The word I encounter most among fund managers today is: “survivor”. The hunt is on for the stocks that will see their profits collapse, that will cut their dividends, slash jobs and close plants – but that will survive what is turning into a ghastly downturn and emerge into a landscape from which many of their competitors have disappeared.
In searching for tomorrow’s survivors, fund managers are looking above all for one characteristic: low debt levels. That is what Garrett Fish, the manager of JP Morgan’s American investment trust, has among his top priorities when deciding what stocks to include in his portfolio as he goes … well, bottom-fishing.
Fish reckons there are already signs (admittedly faint) of green shoots appearing in California. He is not exactly expecting an upturn, just evidence that the bad news is not getting any worse. In recent months he has decided to start increasing the level of risk in the trust’s portfolio. He has moved the gearing up to 11%, compared with a 3% net cash position at the end of 2007.
The recession in America, he says, started in December 2007. We are already 15-16 months into it. America has had only two 16-month recessions since the second world war. This one is likely to exceed both and will be the deepest since the Great Depression.
“Everybody knows the negative story,” says Fish. “We are in a long, deep recession. By the end of 2007 I was in my highest-ever net cash position. But I’ve changed that now. From the last quarter of 2008 I started to buy. OK, I was early, but I’m not looking for absolute precision.”

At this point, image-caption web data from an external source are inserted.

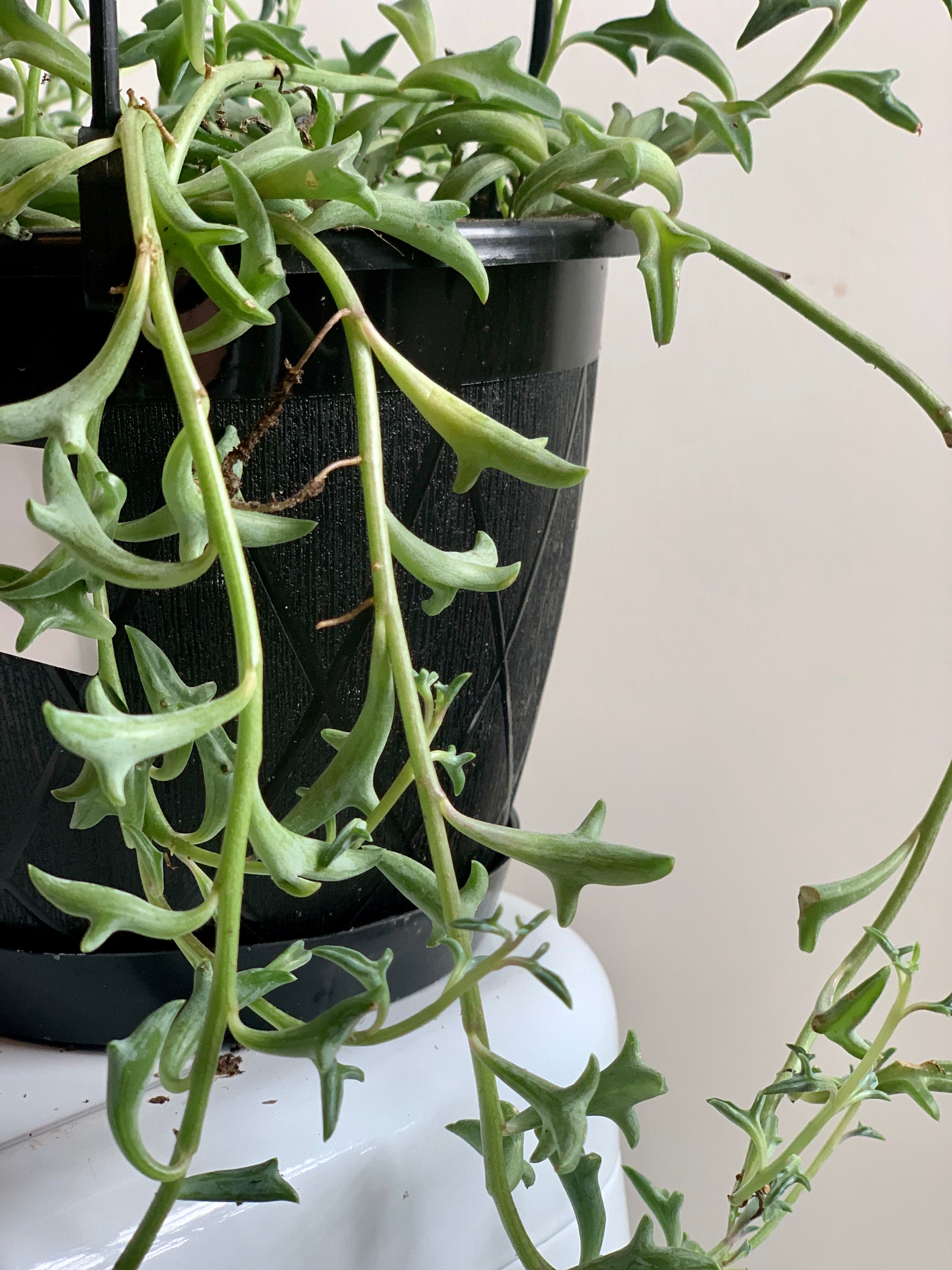 String of Dolphins (Senecio Peregrinus)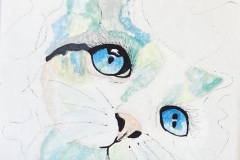 ENTRE-REVE-ET-SILENCE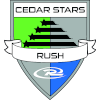 Logo Cedar star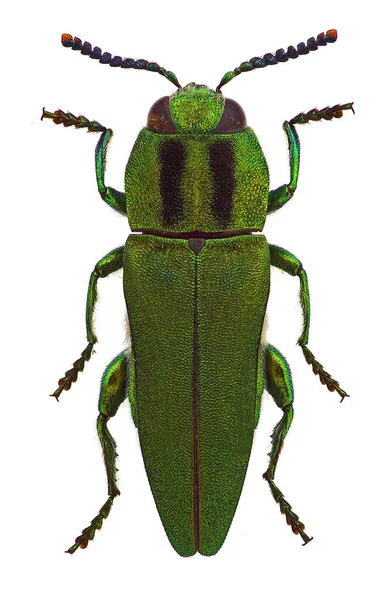 来自地中海国家的珠宝甲虫 — 图库照片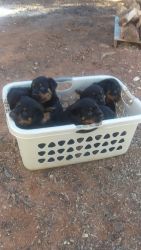 7 full blooded rots for sale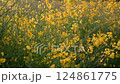 春の光に包まれる菜の花と眩しい太陽の風景 124861775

Fish is going bravely where no man has been before – well, certainly for a rather long time: American retail.
“Retailers have looked cheap for some time, but the fall in earnings was not factored into the price,” he says. “We have seen tons of bankruptcies in the US. It’s not about thriving, it’s about surviving.”
He points to the example of Circuit City. It is – or, more correctly, was – the second-largest electrical retailer in America. During the consumer boom it had 567 stores shifting millions of flat-panel televisions. But now it is no more – it filed for bankruptcy late last year.
Over the past few months the company dumped its $1.7 billion (£1.2 billion) inventory of electricals on to the market in a rapid winding-down process. What that did to margins at its biggest competitor, Best Buy, was pretty nasty. But if Best Buy survives, its margins will fatten when American consumers start spending again.
Fish reckons that a similar process is going on at Staples, an office superstore. “People are saying to me I must be mad. Who wants to buy an office supply company when everybody is trying to cut back on their spending? But its two other competitors are mismanaged and have tons of debt.”
Staples’ shares collapsed in price from $26 in September last year to $13 in November. It was around that point that Fish started to buy, first in small amounts but he has been building since. Today Staples is trading at about $17.
What about the shops and malls? On a recent visit to Chicago courtesy of Neptune Investment Management, I couldn’t help but notice the almost spooky emptiness in huge outlets of Banana Republic and Abercrombie & Fitch (whose share price has collapsed from $80 to $15).
Yet Fish has started to buy Ralph Lauren, whose finely tailored share price was also ripped apart in the autumn, slumping from a high of $76 to below $32. Since then – although really just in the past few weeks – it has started to crawl back up, and is now trading at around $36.
Fish acknowledges that Ralph Lauren has debt on its balance sheet, but repayment does not become due until 2013, which gives the company a breathing space and may enable it to survive in better shape than its competitors.
But what about these green shoots in California? If it’s America that leads the way into global recession and it’s America that leads us out, it might be California that we have to watch for the first sight of a recovery.
“I agree that it is in the housing market that we have to see signs of life. And we may be starting to see that in California,” says Fish. “Home sales are up around 50% month on month. Around 70% of the sales are foreclosures, and the year-on-year price decline is around 45%. But we are clearing the inventory. It’s not getting any worse. We don’t need things to get better but to be less bad.”
He says now is the time to invest in equities relative to treasuries. “It is clear we are close to all-time lows across many different metrics, including economic activity, consumer confidence and housing, and given the view it is often darkest before dawn, we have started to add more risk to the portfolio. Any recovery in stockmarkets could be dramatic, even if timing is unclear, so the portfolio has been adjusted now to ensure we are in the right position when it happens.”
Fish is not just upping his weightings in consumer discretionary stocks, but also in financials. His favourite is Charles Schwab. “As there has been such massive dislocation on Wall Street, they have been gaining market share. They are picking up a lot of high net worth customers who used to be with the investment banks.”
Schwab fell from $26 to $11, partly because it has relied in the past on management fees from its giant money market funds. As interest rates have fallen, these funds are now yielding just 0.1%. Try charging a management fee on that. Schwab has, to its credit, waived the management charge but that has cost it about $180m in revenue. But Fish reckons Schwab customers will soon start migrating away from cash funds into more profitable equity funds.
Maybe British investors will start doing so too, especially once the attractions of corporate bond funds wane amid inflation fears. Dollar weakness would be a worry here on out for any British investor in America but for an early punt on recovery, the US is looking like the place to be.